WHAT THE TASK REQUIRES
Nothing in the records should change; write them all out exactly.

:: RECORDS SHOWN

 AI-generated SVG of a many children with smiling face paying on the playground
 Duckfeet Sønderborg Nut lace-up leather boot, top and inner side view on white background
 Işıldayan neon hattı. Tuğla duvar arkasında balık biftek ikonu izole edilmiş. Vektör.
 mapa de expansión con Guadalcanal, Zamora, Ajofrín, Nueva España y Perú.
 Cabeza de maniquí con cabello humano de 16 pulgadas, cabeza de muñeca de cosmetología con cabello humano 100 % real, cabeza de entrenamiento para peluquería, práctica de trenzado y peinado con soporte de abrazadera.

::::

REPLY TO THE TASK
 AI-generated SVG of a many children with smiling face paying on the playground
 Duckfeet Sønderborg Nut lace-up leather boot, top and inner side view on white background
 Işıldayan neon hattı. Tuğla duvar arkasında balık biftek ikonu izole edilmiş. Vektör.
 mapa de expansión con Guadalcanal, Zamora, Ajofrín, Nueva España y Perú.
 Cabeza de maniquí con cabello humano de 16 pulgadas, cabeza de muñeca de cosmetología con cabello humano 100 % real, cabeza de entrenamiento para peluquería, práctica de trenzado y peinado con soporte de abrazadera.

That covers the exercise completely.